Earlier this year, a global cybercrime fraud ring behind thousands of online scams totaling more than US$60 million and involving hundreds of victims worldwide was uncovered. The group ran 419 scams, which promise victims a significant share of a large sum of money in return for a small up-front payment; dating scams; Alibaba scams; and financial account hi-jacking, while leveraging an extensive money laundering network to disburse funds.

By employing a ‘behavior blending’ technique, the criminals compromised networks and evaded detection over sustained periods of time. The fraudsters would carry out two types of social engineering scams targeting businesses through either payment diversion fraud or CEO fraud. In the latter, spoofed emails from the boss are used to trick victims at an organization into wiring funds to the fraudsters.

But these scams were thwarted and the international criminal network’s leader by Interpol and the Nigerian Economic and Financial Crime Commission (EFCC) was arrested in June 2016.

In that operation, Fortinet’s FortiGuard Labs’ researchers augmented Interpol’s own technical expertise. “We saw a trend of certain malware being used for business email scams,” says Gavin Chow, network security strategist of FortiGuard Labs, whose research centers are located in Japan, China, Taiwan, Malaysia, Singapore, France, Canada and the US. “Our researchers managed to infiltrate the threat actors’ network and track the cybercriminals.”

Interpol had obtained information such as the emails of the kingpin, his cohorts and his gang members; a photo of the kingpin with associated GPS coordinates; cars that he owns and properties that he has purchased. And these were used to track and take down the cyber criminal gang.

Fortinet is actively involved in threat intelligence standards and protocols that are critical to achieving actionable threat intelligence.

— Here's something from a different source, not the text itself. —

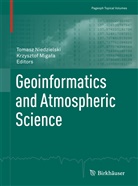 Krzysztof Miga¿a, Migala, Migala, Krzysztof Migala, Krzysztof Migała, Tomas Niedzielski... - Geoinformatics and Atmospheric Science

Apart from being an active member of an expert working group with Interpol for more than a year, Fortinet is also collaborating with the NATO Communications and Information (NCI) Agency and fellow members of the Cyber Threat Alliance (CTA) and the OASIS Cyber Threat Intelligence (CTI) group.

Fortinet has also tied up with the Korea Internet & Security Agency (KISA) to exchange cyber threat intelligence and expertise and jointly conduct research and analysis of Internet incidents in South Korea to determine the appropriate security technology and response required. The agreement also covers zero-day vulnerability research, which Fortinet provides to KISA to coordinate with affected vendors for patching.

Fortinet has been gathering a treasure trove of information from millions of devices deployed by 280,000 customers worldwide. According to IDC’s Worldwide Quarterly Security Appliance Tracker report, Fortinet has shipped over 2.7 million security appliances, averaging nearly twice as many security devices deployed per year as any other vendor.

Global and local insights

“With that spread of devices, we have visibility of threats going through our units,” Chow says. “We have different telemetry from a local perspective of a certain region or country, as well as from a global perspective with the same appliances. That is one of our key strengths because the devices are our sensors. They are deployed in live environments so we have visibility over actual threats going through them. This threat information is sent back to our data centers where we produce the threat reports and threat intelligence.”

Besides information from the ‘sensors’, Chow points out that Fortinet’s own research teams have also shared findings that add to its threat intelligence partners’ insights. For example, from April 1 to June 30, 2016, participants in the Fortinet Cyber Threat Assessment Program (CTAP) recorded over 185 million threat events and incidents, many of which had evaded traditional perimeter security defenses and gone onto the internal network where Fortinet assessment devices were located.

The CTAP is part of the FortiGuard Labs threat research team’s risk and advisory capabilities with its security platform. It provides customers with insight into the cyber threat landscape across all industries as well as specific regional insights, especially on threat actor-targeted activity, targeted spear phishing, ransomware and other threats.

With malware increasingly evading signature-based or pattern-based defense, and behavioral analytics gaining traction, “we are striking the balance between using the traditional way of detecting known viruses and putting in new ways of detecting unknown viruses through our FortiSandbox solution,” Chow adds. “But in real-life situations, we realize that the challenge with behavioral analytics systems is that they can be slower. And some may be so complex that it requires human analysis.”

To ease this challenge, Fortinet harnesses both signature-reliant malware detection and analytics within Fortinet’s sandbox solution. “There’s still an amount of delay when you do behavioral analysis,” explains Chow. “So how we balance it out in Fortinet is that if the malware is known, we can just use signatures, for instance, to detect them quickly. And then we leave the unknown malware to be scanned by the sandbox solution. Our strength is balancing security with performance.”